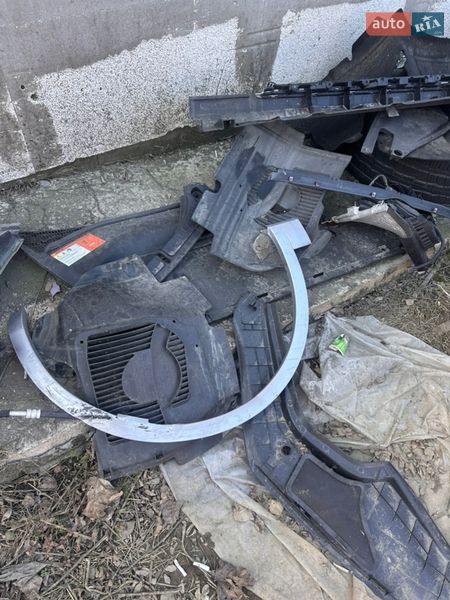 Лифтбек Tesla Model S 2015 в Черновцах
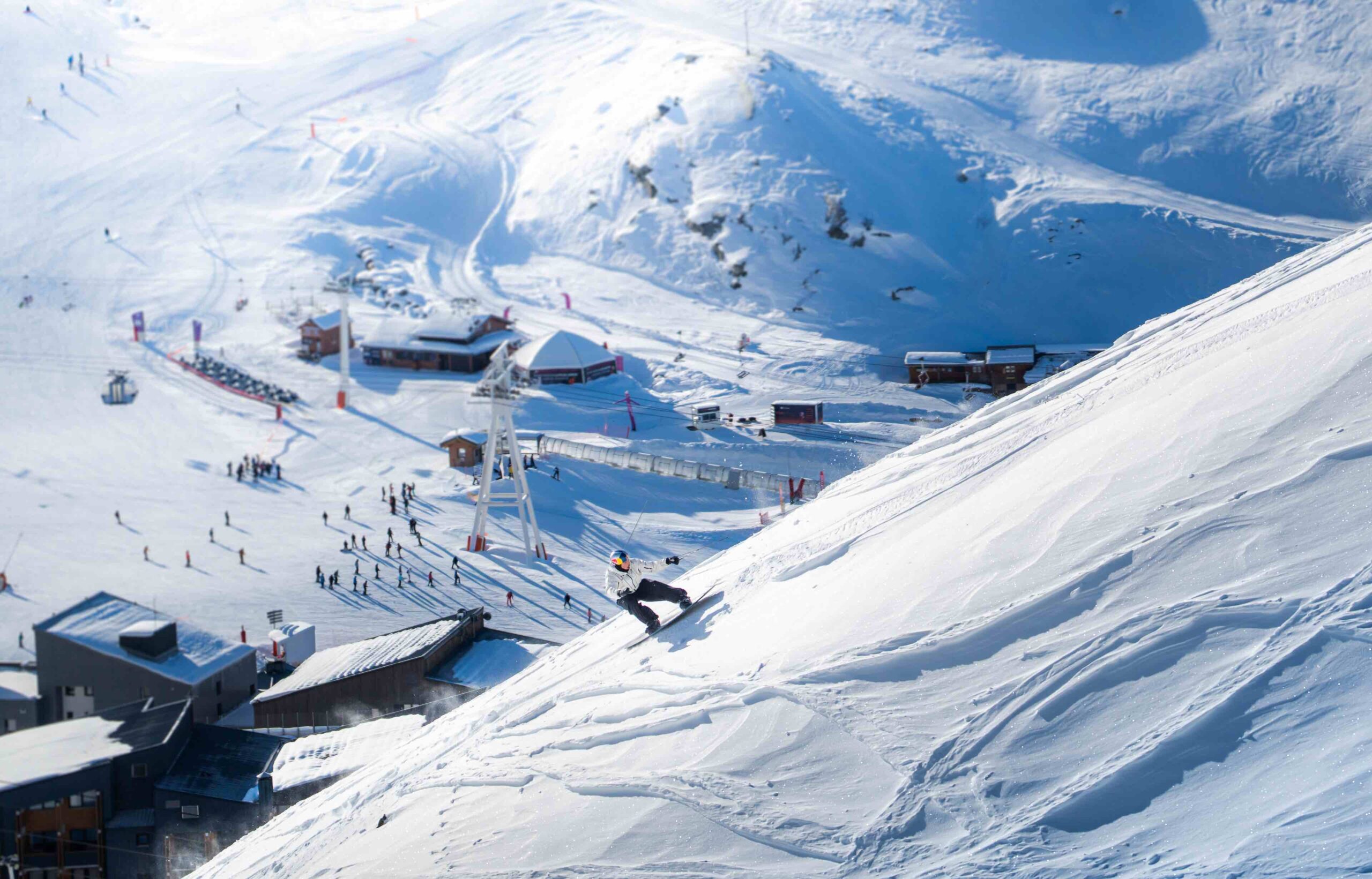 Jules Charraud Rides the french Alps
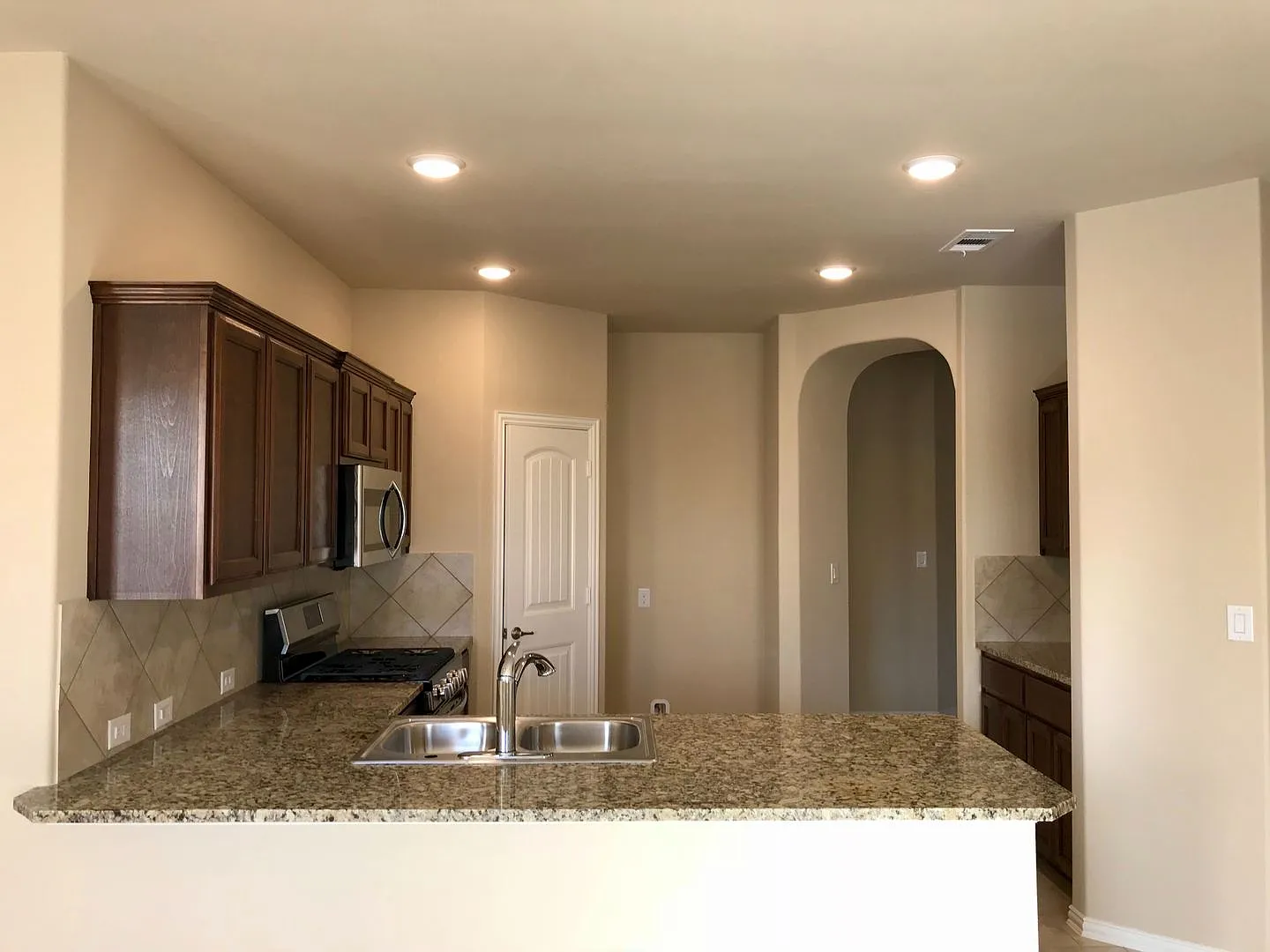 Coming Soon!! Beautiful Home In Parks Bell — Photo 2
_ _ _
**ASSIGNED TASK:** Copy out all of the listing word for word, but skip the images.

**RESULT OF THIS TASK:**
 Лифтбек Tesla Model S 2015 в Черновцах
 Jules Charraud Rides the french Alps
 Coming Soon!! Beautiful Home In Parks Bell — Photo 2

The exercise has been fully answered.